━━━━━ Given records

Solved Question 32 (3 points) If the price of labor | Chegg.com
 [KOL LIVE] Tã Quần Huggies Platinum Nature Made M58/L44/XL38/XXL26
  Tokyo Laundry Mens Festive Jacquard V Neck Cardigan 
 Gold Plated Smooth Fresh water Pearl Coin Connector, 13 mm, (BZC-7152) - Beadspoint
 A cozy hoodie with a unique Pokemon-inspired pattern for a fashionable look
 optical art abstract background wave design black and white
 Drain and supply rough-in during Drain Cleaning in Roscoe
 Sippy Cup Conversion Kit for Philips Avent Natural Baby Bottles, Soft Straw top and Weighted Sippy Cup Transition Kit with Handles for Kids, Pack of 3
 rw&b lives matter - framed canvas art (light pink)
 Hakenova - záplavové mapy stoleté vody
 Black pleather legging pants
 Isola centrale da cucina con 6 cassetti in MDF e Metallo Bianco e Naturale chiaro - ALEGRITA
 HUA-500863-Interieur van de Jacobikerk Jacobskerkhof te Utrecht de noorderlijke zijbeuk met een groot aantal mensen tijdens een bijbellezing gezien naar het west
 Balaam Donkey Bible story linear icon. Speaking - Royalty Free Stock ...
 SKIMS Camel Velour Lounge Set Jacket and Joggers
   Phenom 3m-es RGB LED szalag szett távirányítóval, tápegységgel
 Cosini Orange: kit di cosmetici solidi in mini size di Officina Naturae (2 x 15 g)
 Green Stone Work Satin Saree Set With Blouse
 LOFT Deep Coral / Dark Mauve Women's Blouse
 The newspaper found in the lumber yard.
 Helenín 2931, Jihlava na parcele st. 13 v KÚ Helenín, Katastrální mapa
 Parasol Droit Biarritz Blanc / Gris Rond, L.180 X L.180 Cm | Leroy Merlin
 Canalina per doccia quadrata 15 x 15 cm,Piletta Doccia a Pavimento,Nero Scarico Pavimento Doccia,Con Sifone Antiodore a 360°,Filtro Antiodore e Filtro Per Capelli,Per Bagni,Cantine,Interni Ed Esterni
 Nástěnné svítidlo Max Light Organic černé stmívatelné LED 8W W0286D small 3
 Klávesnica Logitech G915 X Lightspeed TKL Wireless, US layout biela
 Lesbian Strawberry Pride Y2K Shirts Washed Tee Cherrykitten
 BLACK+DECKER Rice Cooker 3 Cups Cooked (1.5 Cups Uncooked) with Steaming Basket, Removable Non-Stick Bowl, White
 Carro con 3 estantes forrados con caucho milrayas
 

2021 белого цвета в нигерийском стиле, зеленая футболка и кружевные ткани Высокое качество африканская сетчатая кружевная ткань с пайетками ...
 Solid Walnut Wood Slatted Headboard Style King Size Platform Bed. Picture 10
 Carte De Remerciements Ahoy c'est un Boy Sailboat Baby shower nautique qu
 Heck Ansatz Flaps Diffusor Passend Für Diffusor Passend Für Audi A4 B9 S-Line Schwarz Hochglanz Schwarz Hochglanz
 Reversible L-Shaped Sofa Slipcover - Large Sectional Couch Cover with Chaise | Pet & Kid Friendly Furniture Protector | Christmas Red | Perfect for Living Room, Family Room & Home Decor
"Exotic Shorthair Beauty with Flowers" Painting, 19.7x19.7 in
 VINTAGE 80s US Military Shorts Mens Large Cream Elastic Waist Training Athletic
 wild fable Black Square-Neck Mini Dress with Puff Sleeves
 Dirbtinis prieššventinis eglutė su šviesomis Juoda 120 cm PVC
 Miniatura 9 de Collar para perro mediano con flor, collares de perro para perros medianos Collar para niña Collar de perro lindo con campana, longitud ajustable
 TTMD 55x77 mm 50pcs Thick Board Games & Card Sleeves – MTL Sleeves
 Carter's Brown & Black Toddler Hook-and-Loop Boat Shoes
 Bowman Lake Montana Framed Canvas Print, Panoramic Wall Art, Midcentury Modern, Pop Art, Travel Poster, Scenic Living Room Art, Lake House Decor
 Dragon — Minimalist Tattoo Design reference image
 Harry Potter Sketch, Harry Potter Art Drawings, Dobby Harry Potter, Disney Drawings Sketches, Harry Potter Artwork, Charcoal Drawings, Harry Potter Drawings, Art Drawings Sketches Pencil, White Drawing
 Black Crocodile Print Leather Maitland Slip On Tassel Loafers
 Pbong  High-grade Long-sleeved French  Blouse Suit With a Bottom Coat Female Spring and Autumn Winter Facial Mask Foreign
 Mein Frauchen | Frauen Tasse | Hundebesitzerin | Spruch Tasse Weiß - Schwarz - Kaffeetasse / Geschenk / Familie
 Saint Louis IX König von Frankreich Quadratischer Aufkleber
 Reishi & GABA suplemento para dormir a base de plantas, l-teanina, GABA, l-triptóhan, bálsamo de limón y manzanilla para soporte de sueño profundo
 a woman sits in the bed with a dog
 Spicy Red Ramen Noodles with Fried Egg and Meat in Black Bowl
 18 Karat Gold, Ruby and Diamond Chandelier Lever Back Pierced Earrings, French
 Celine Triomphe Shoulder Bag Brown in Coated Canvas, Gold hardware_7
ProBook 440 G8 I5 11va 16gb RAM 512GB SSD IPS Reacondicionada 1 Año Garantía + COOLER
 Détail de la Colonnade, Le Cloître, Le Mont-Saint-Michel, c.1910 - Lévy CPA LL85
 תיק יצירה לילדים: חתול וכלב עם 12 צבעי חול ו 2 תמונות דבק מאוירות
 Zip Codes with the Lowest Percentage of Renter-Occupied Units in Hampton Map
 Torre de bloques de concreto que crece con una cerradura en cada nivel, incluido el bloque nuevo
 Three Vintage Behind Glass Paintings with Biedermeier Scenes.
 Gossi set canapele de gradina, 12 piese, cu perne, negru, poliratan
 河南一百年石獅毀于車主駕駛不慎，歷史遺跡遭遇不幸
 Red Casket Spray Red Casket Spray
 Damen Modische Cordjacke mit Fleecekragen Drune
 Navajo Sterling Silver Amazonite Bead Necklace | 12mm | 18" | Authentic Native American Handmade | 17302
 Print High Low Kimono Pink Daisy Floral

━━━━━━━━━━

Assignment: The required output is every line above from the one with "Zip Codes with" down to the one with "Three Vintage Behind", restated word for word, ends included.

Answer space:
 Zip Codes with the Lowest Percentage of Renter-Occupied Units in Hampton Map
 Torre de bloques de concreto que crece con una cerradura en cada nivel, incluido el bloque nuevo
 Three Vintage Behind Glass Paintings with Biedermeier Scenes.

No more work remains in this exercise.